Abstract
Objective
To review and analyze cage migration and related risk factors in patients who have undergone transforaminal lumbar interbody fusion (TLIF).
Methods
A retrospective study was conducted to review the complications of cage migration in 512 patients who had undergone a TLIF procedure from January 2010 to June 2011 in five spinal centers. In all, 263 men and 249 women with a mean age of 54.7 years were included. All patients were followed up at 3, 6 and 12 months after the procedure. The clinical outcomes were evaluated by visual analogue scores, the Oswestry disability index, plain radiography and three‐dimensional CT scanning to analyze the incidence of, and risk factors related to, cage migration.
Results
Cage migration was found in 6 of the 512 patients (1.17%). Significant differences were found between all pairs of centers. Different shapes and sizes of cages had different incidences of migration. Analysis showed that rectangular‐shaped cages had a significantly greater incidence of cage migration (3.11%, 5/161) than did kidney‐shaped cages (0.28%, 1/351; P < 0.05). Small cages had a tendency to more frequent post‐operative cage migration (5.13%, 4/78) than did large cages (0.46%, 2/434; P < 0.05). Double segment TLIF cages migrated more frequently (5.75%, 5/87) than did mono‐segment cages (0.24%, 1/425; P < 0.05)). Furthermore, when the adjacent endplates were of linear type, the cages migrated much more frequently (3.50%) than when they were of concave‐concave type (0.27%; P < 0.05).
Conclusion
Cage size, shape, number of fused segments and adjacent endplate shape might be risk factors for cage migration in addition to surgical technique, disc height and bone mineral density.

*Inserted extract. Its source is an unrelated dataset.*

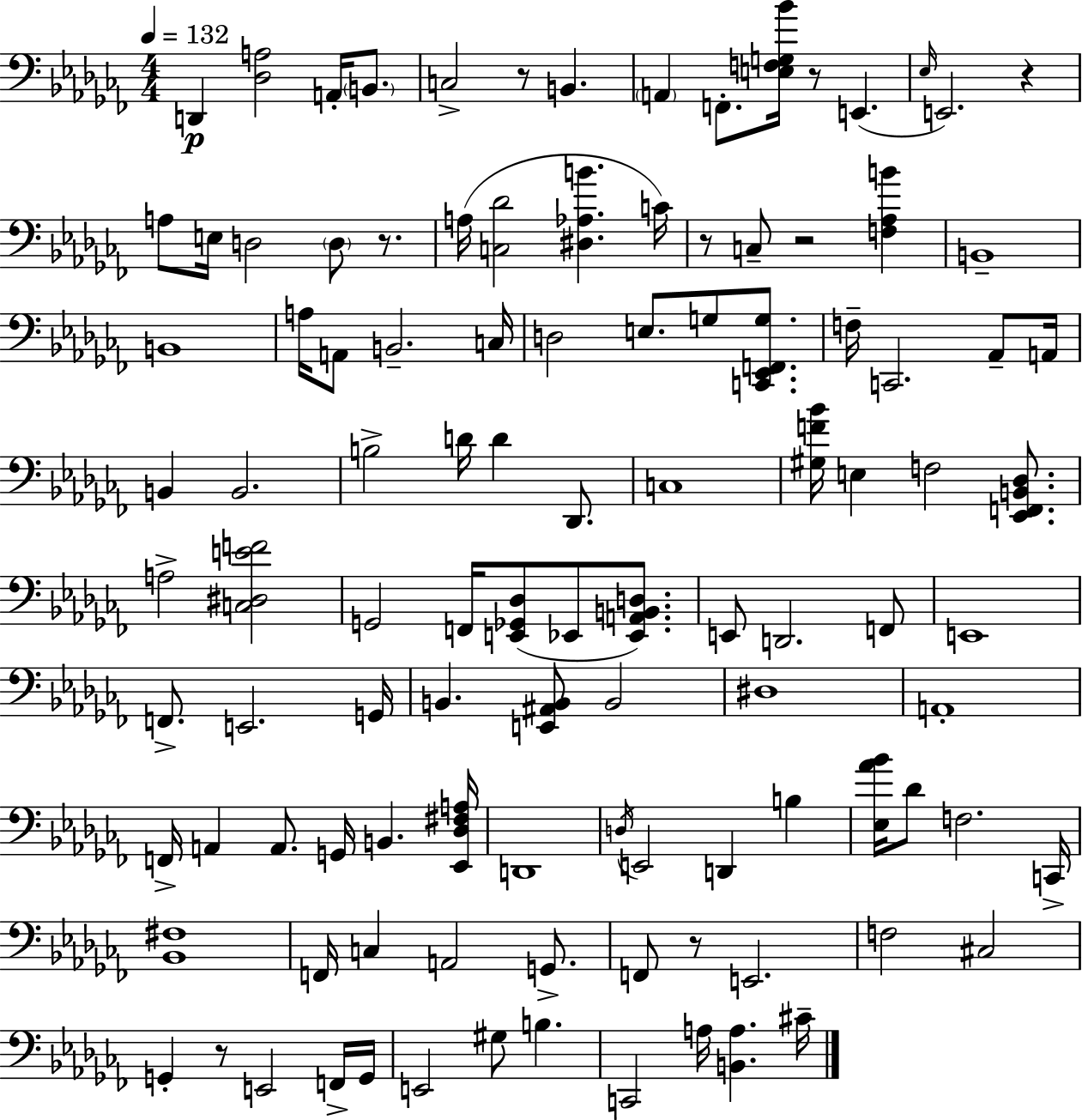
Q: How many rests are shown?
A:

Keywords: Cage migration, Risk factors, Transforaminal lumbar interbody fusion
Introduction
The procedure of transforaminal lumbar interbody fusion (TLIF) has become increasingly popular for treatment of degenerative disc disease, spondylolisthesis and lumbar stenosis with instability. Many clinical studies have demonstrated its safety and effectiveness1, 2, 3, 4, 5. Compared with other fusion procedures, TLIF has many advantages, including minimal invasiveness, less blood loss and shorter hospitalization time6. In addition, complications such as nerve root injury and spinal dura mater avulsion are less frequent and severe than with the PLIF procedure7, 8, 9. Depending on specific patient characteristics, open, mini‐open or mini‐invasive approaches can be used to perform TLIF.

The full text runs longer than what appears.